» TASK REQUIREMENTS
Return the entries exactly. Images are not part of the copy.

[[ MATERIAL FOR THE TASK open ]]

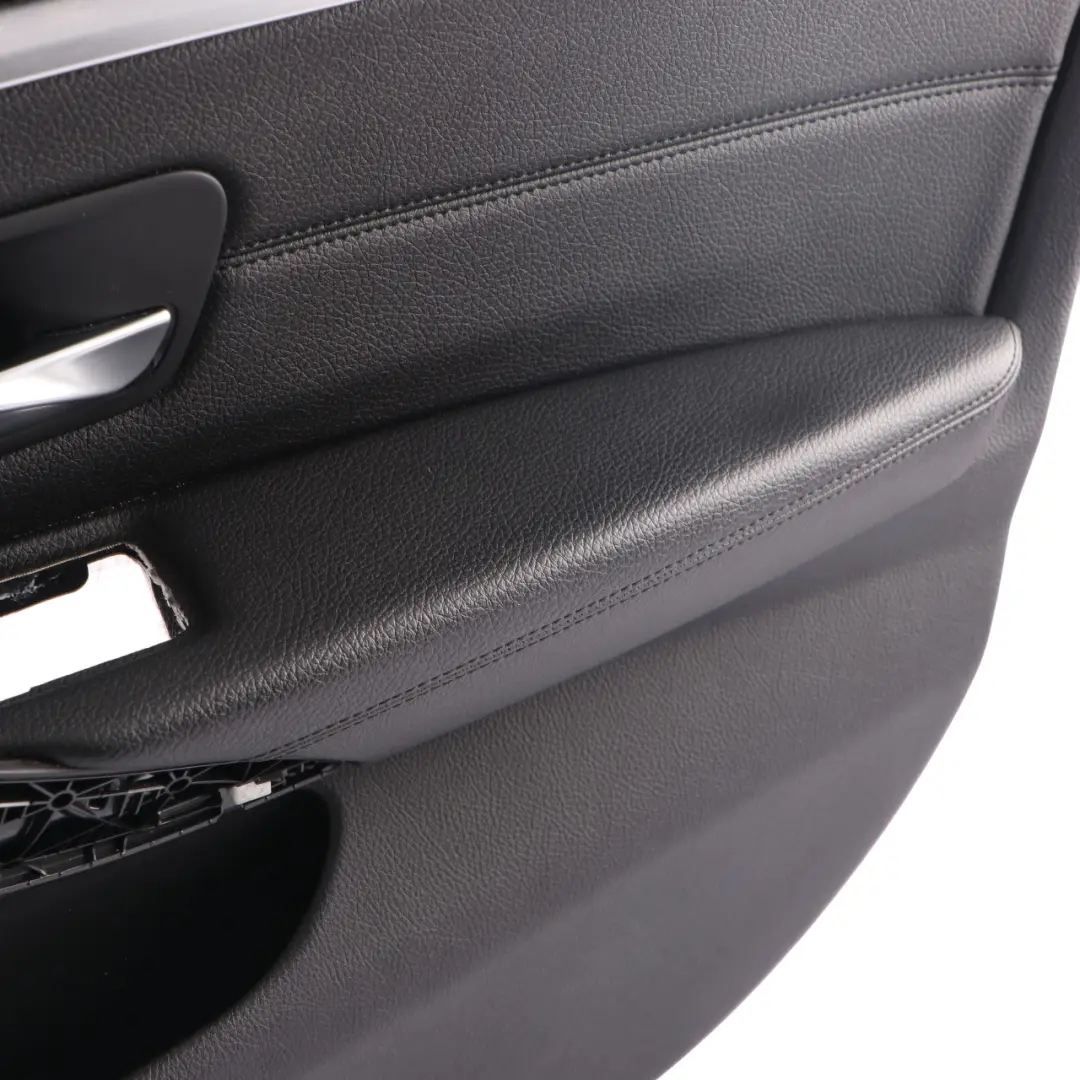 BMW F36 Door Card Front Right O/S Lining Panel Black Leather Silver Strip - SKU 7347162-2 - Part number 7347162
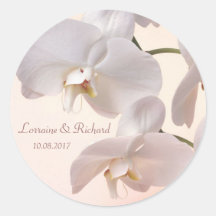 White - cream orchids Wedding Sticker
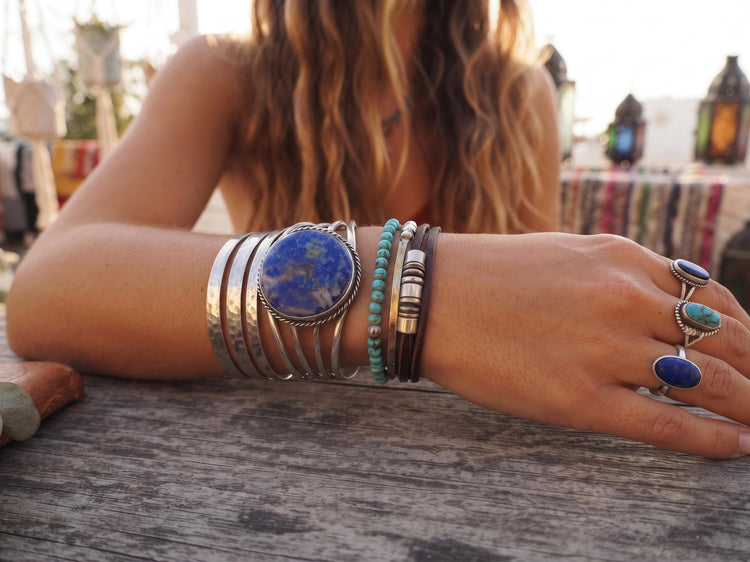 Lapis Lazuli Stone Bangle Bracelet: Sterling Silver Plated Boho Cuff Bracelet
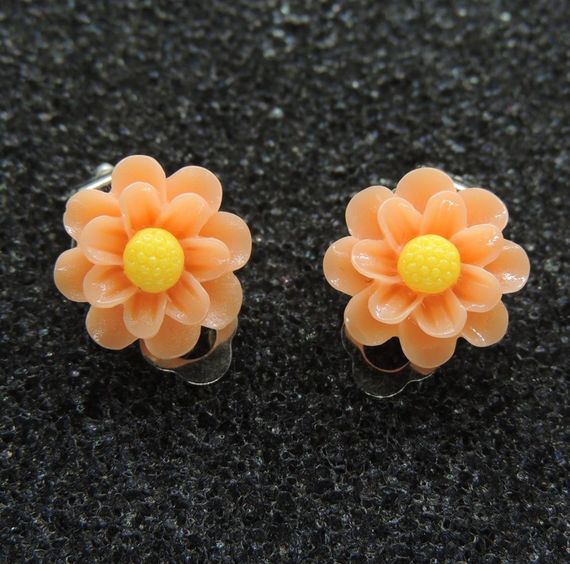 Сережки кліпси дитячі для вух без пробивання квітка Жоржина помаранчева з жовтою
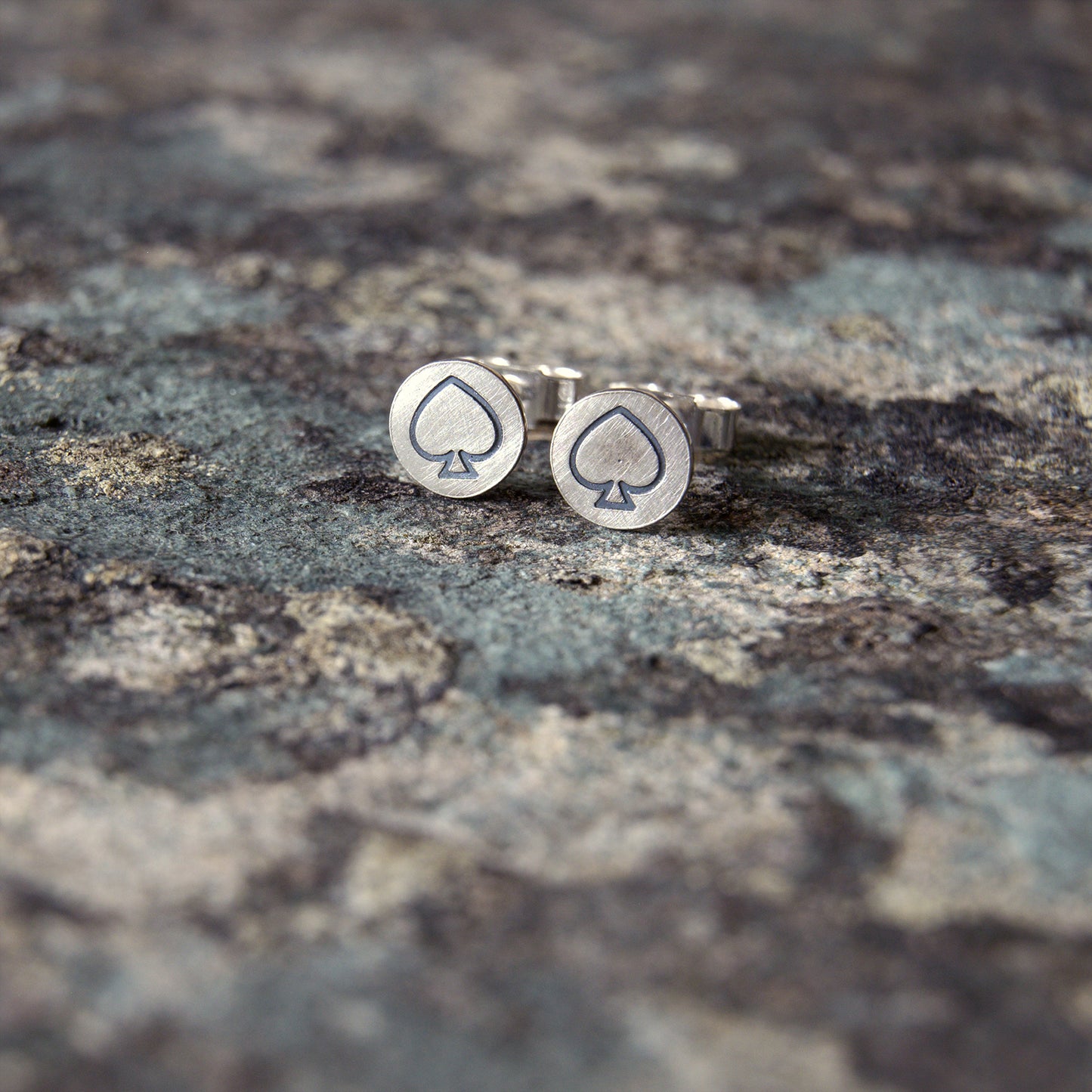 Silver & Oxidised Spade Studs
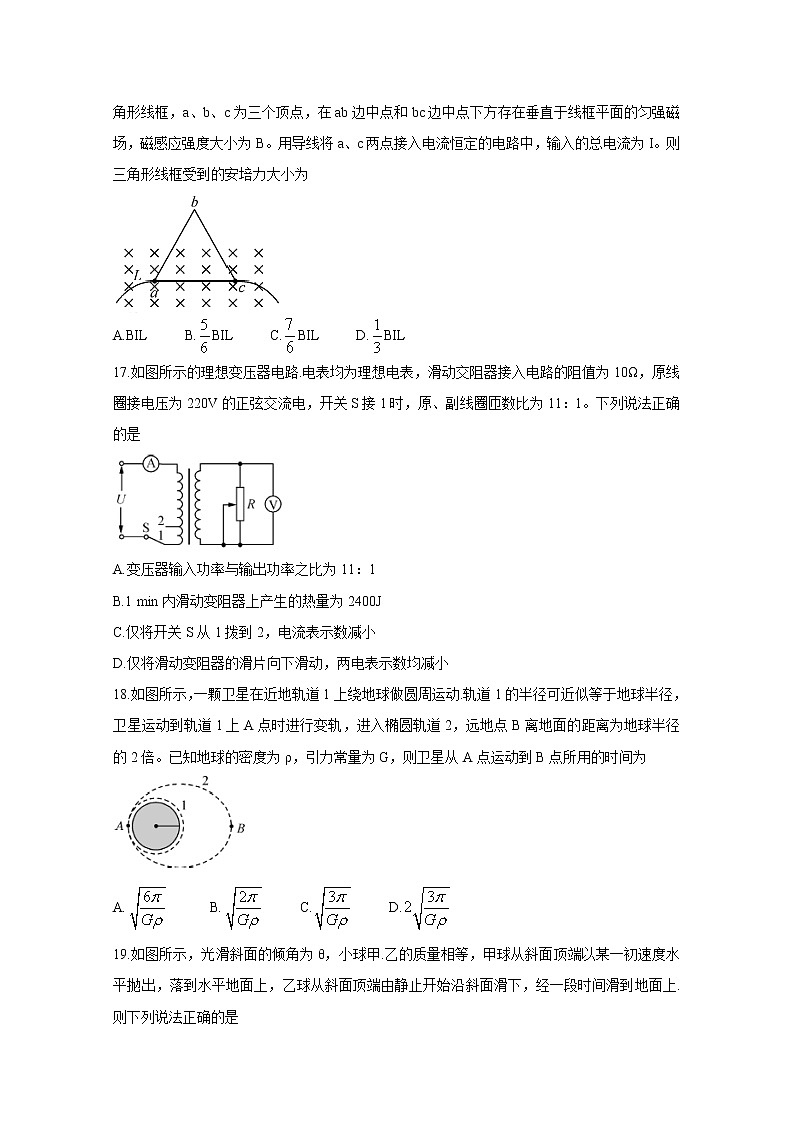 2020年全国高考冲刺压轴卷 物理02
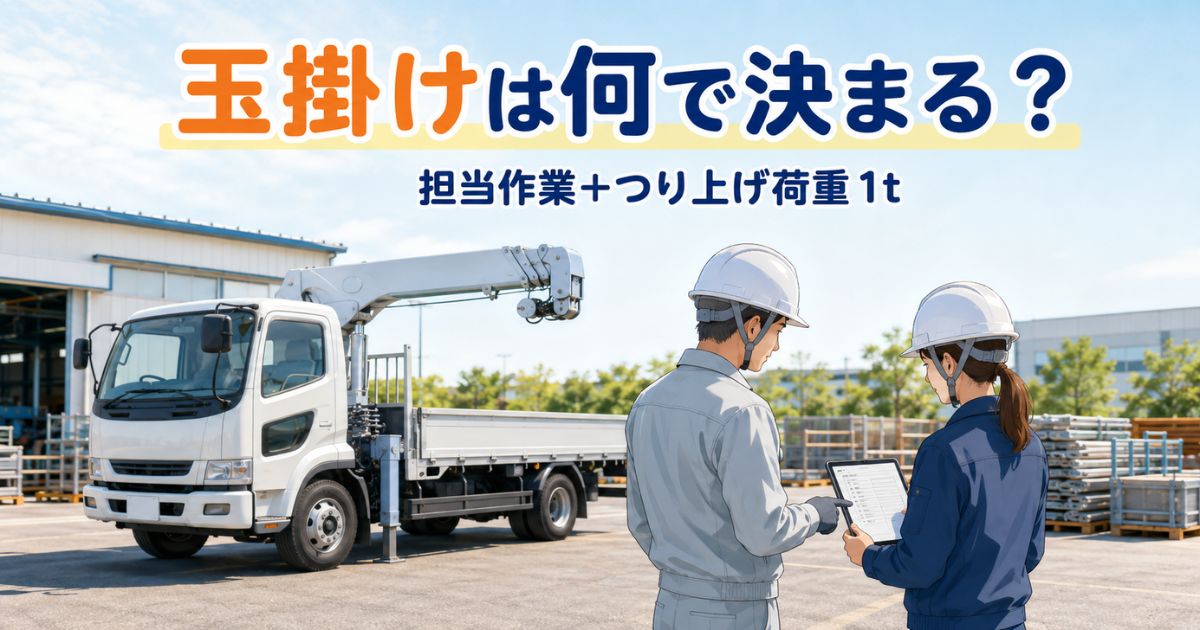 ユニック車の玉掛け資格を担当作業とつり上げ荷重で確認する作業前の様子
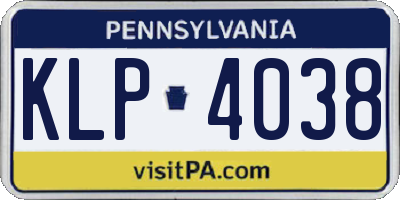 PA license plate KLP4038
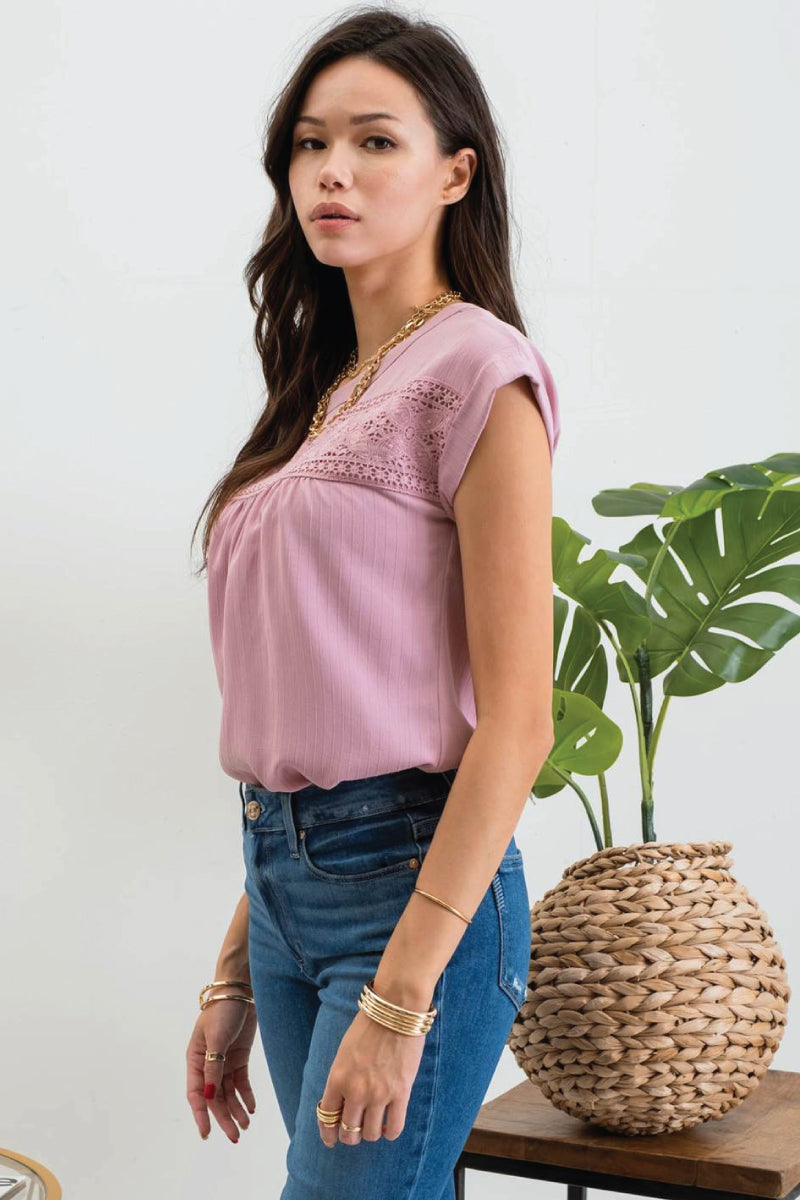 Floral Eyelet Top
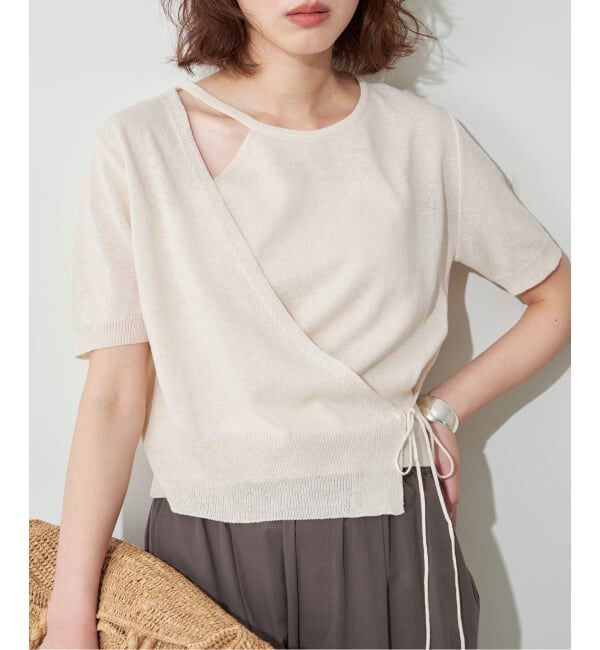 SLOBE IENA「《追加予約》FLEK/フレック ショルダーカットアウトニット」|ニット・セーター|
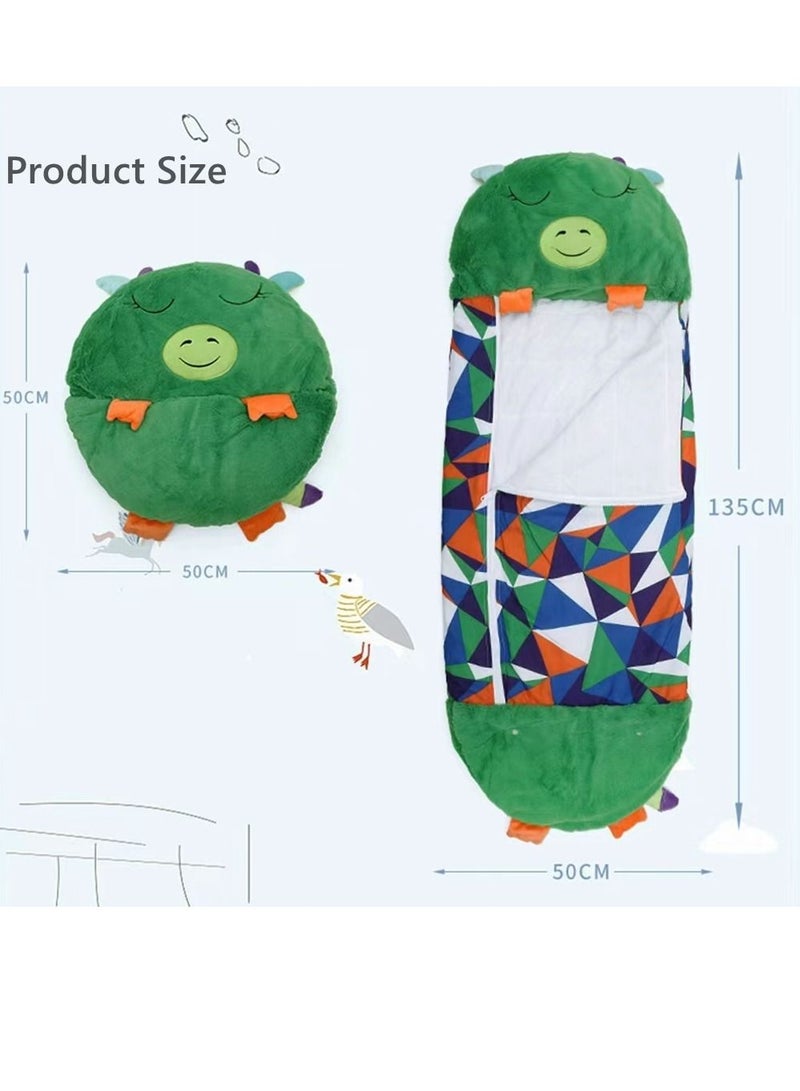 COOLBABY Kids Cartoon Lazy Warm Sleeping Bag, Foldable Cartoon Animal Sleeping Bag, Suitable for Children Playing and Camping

[[ MATERIAL FOR THE TASK closed ]]

» SOLUTION TO THIS TASK
 BMW F36 Door Card Front Right O/S Lining Panel Black Leather Silver Strip - SKU 7347162-2 - Part number 7347162
 White - cream orchids Wedding Sticker
 Lapis Lazuli Stone Bangle Bracelet: Sterling Silver Plated Boho Cuff Bracelet
 Сережки кліпси дитячі для вух без пробивання квітка Жоржина помаранчева з жовтою
 Silver & Oxidised Spade Studs
 2020年全国高考冲刺压轴卷 物理02
 ユニック車の玉掛け資格を担当作業とつり上げ荷重で確認する作業前の様子
 PA license plate KLP4038
 Floral Eyelet Top
 SLOBE IENA「《追加予約》FLEK/フレック ショルダーカットアウトニット」|ニット・セーター|
 COOLBABY Kids Cartoon Lazy Warm Sleeping Bag, Foldable Cartoon Animal Sleeping Bag, Suitable for Children Playing and Camping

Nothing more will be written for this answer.